*Try it*
Because only the text is wanted, repeat the records below exactly and omit the pictures.

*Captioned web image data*
......

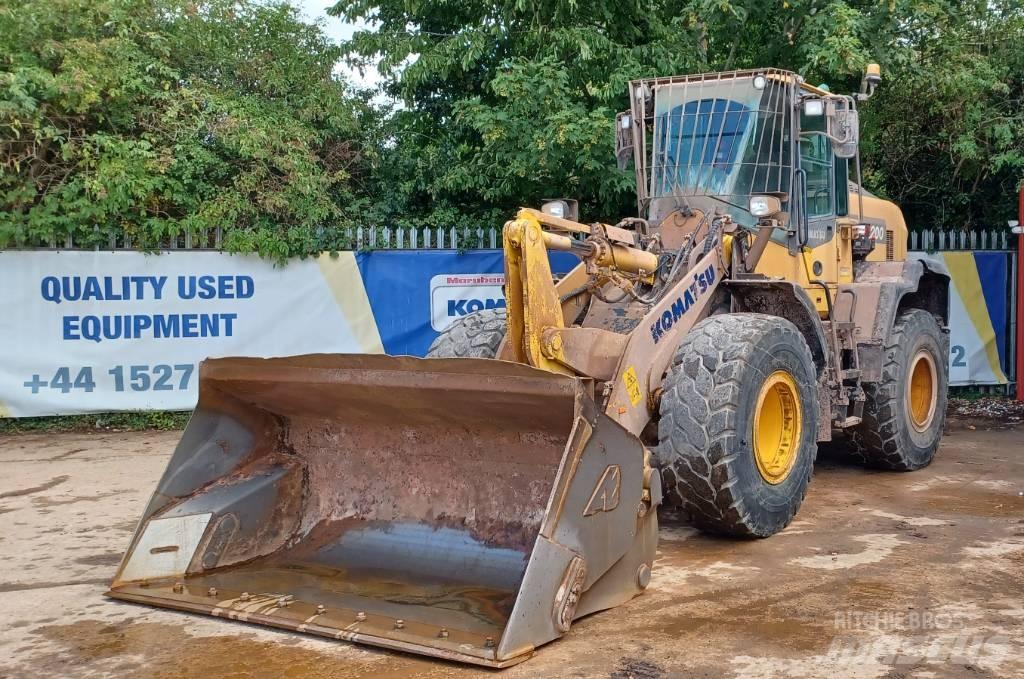 Komatsu WA 200-8 Cargadoras sobre ruedas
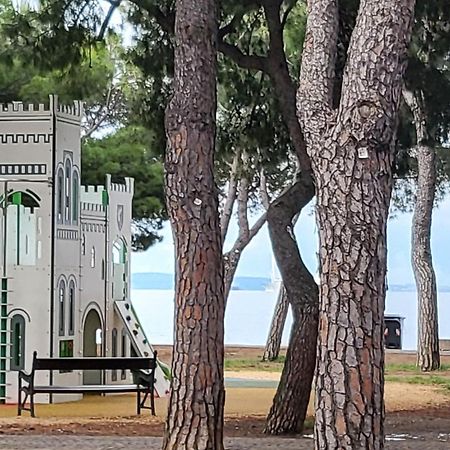 Medium Miramare Appartamento Sogno Sul Mare Trieste Eksteriør bilde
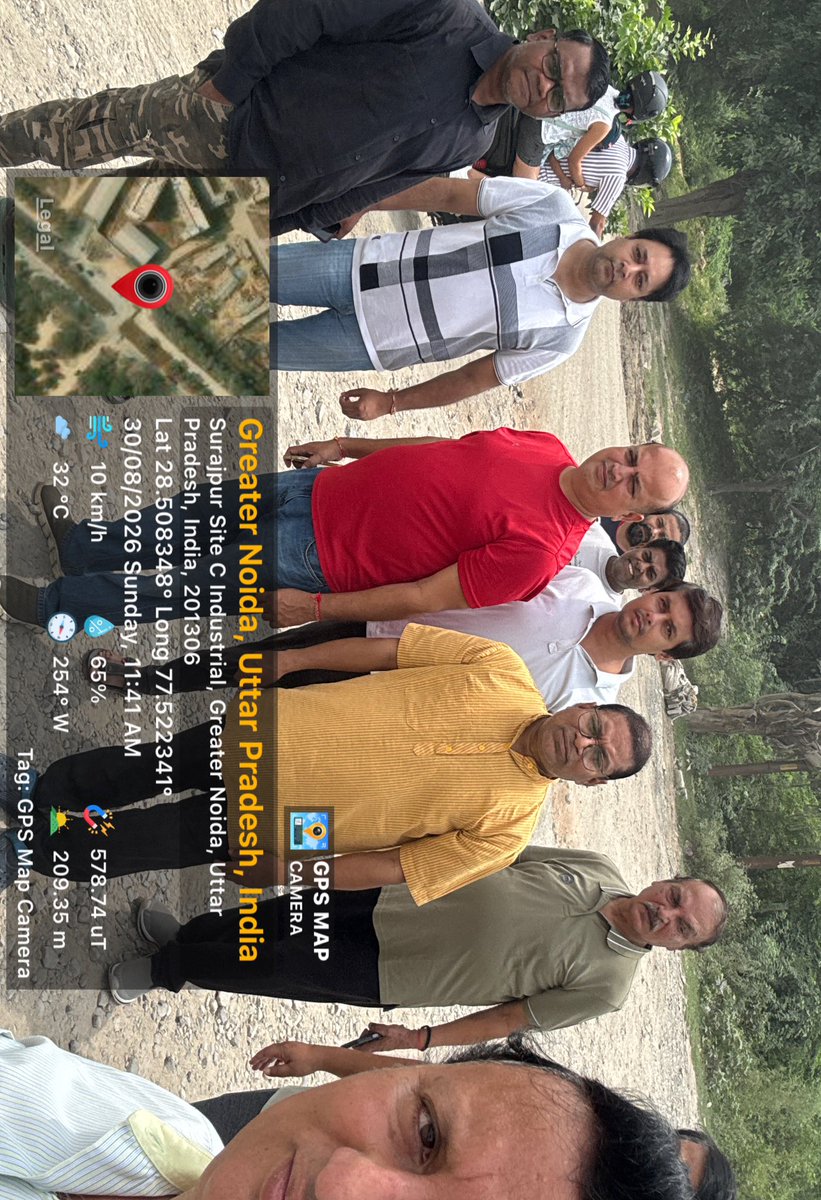 pchandra77's tweet photo. पिछले 1 साल से शिकायतों के बावजूद कोई कार्रवाई नहीं हुई। लोगों ने मजबूरी में अवैध कट बना लिए हैं, जिससे दुर्घटनाओं का खतरा बढ़ गया है और कई हादसे हो चुके हैं।आज स्थानीय लोगों ने विरोध किया।यह  @OfficialGNIDA के अंतर्गत आती है। कृपया तत्काल मरम्मत कराकर सड़क व���यवस्था दुरुस्त करें। https://t.co/HbEB0gedct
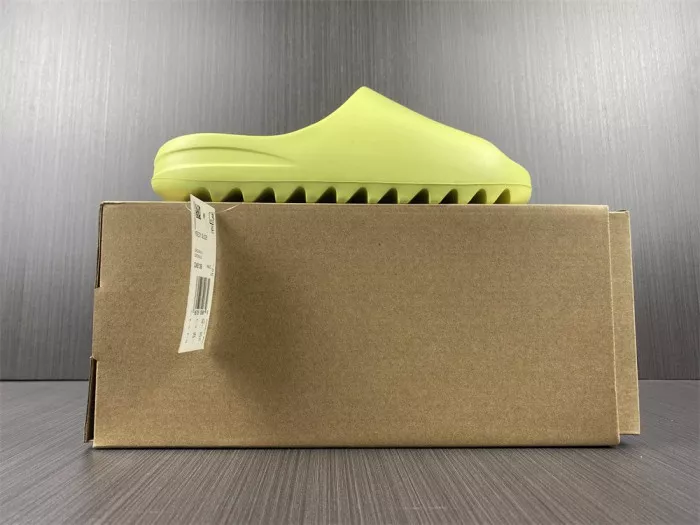 Kicktheory Adidas Yeezy Slide Green GX6138 0121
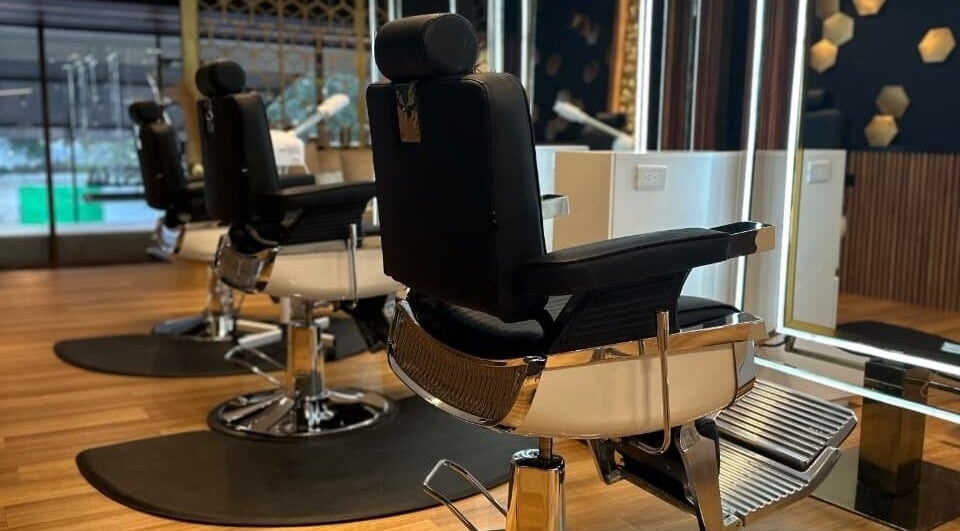 Sillas de peluquería en BELLA & BESTIA SALON & BARBER BOUTIQUE, San Pedro Garza García, Nuevo León, MX.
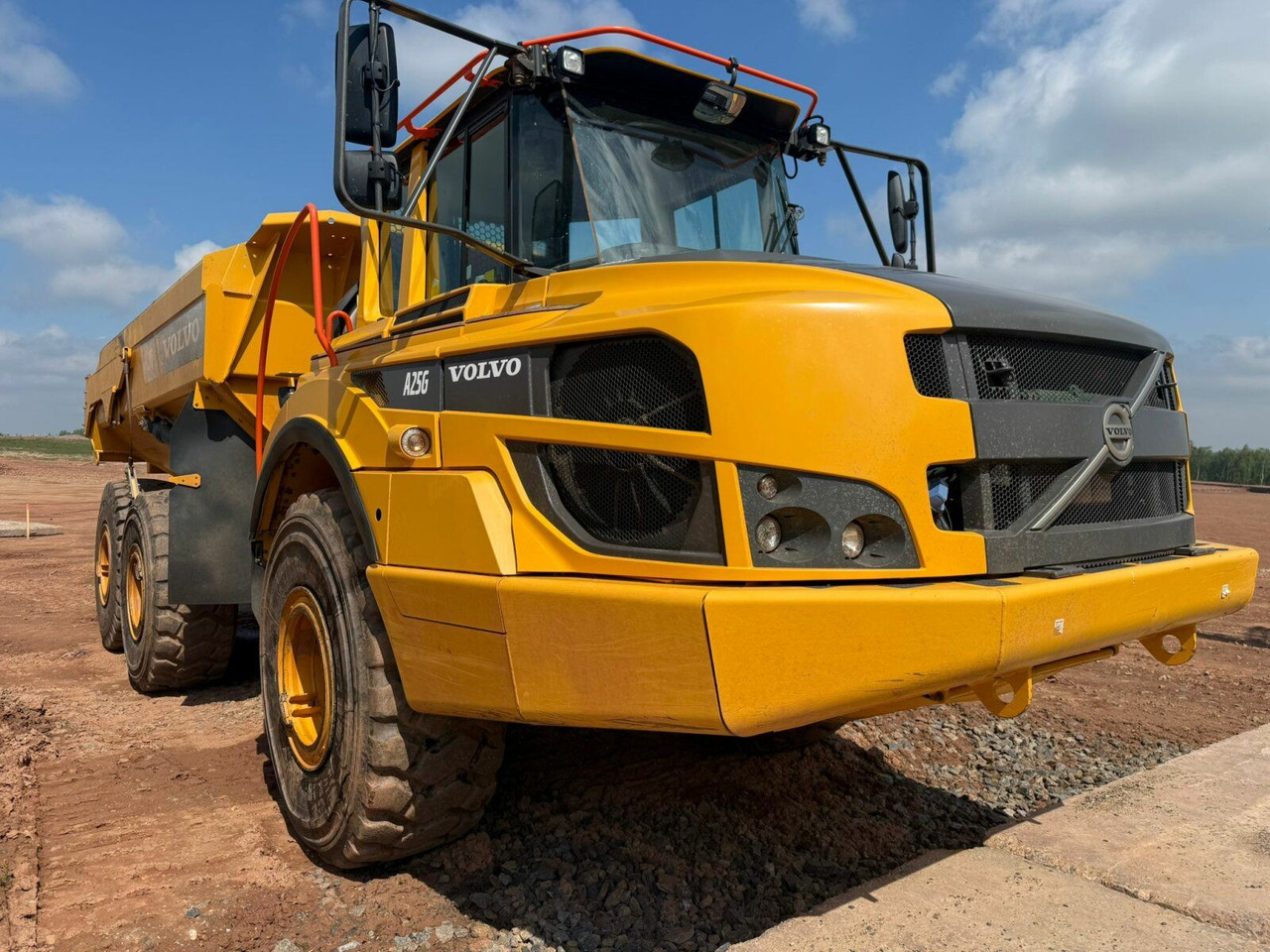 Volvo A25G Dumper 22,7 Ton TOP gepflegt - Zglobni kiper: slika 2 Volvo A25G Dumper 22,7 Ton TOP gepflegt - Zglobni kiper: slika 2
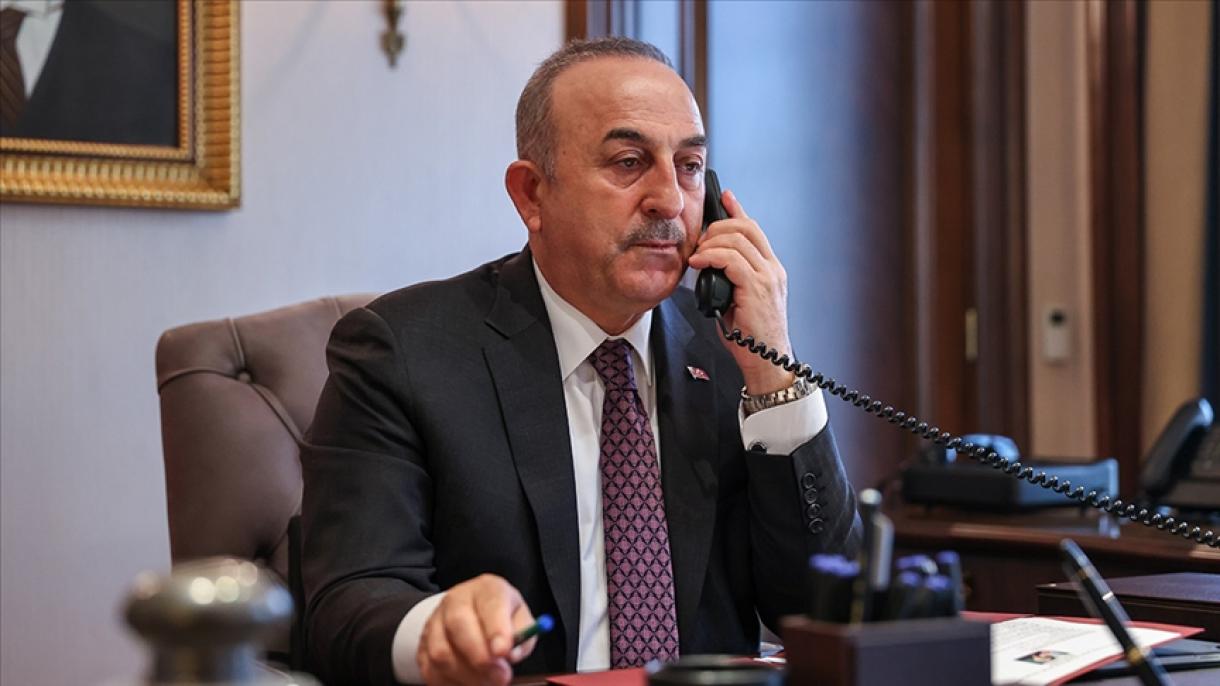 Mewlüt Çawuşoglu Çilili we Serbiýaly Kärdeşleri Bilen Telefon Arkaly Söhbetdeşlik Geçirdi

......

*Output of the exercise*
 Komatsu WA 200-8 Cargadoras sobre ruedas
 Medium Miramare Appartamento Sogno Sul Mare Trieste Eksteriør bilde
 pchandra77's tweet photo. पिछले 1 साल से शिकायतों के बावजूद कोई कार्रवाई नहीं हुई। लोगों ने मजबूरी में अवैध कट बना लिए हैं, जिससे दुर्घटनाओं का खतरा बढ़ गया है और कई हादसे हो चुके हैं।आज स्थानीय लोगों ने विरोध किया।यह  @OfficialGNIDA के अंतर्गत आती है। कृपया तत्काल मरम्मत कराकर सड़क व���यवस्था दुरुस्त करें। https://t.co/HbEB0gedct
 Kicktheory Adidas Yeezy Slide Green GX6138 0121
 Sillas de peluquería en BELLA & BESTIA SALON & BARBER BOUTIQUE, San Pedro Garza García, Nuevo León, MX.
 Volvo A25G Dumper 22,7 Ton TOP gepflegt - Zglobni kiper: slika 2 Volvo A25G Dumper 22,7 Ton TOP gepflegt - Zglobni kiper: slika 2
 Mewlüt Çawuşoglu Çilili we Serbiýaly Kärdeşleri Bilen Telefon Arkaly Söhbetdeşlik Geçirdi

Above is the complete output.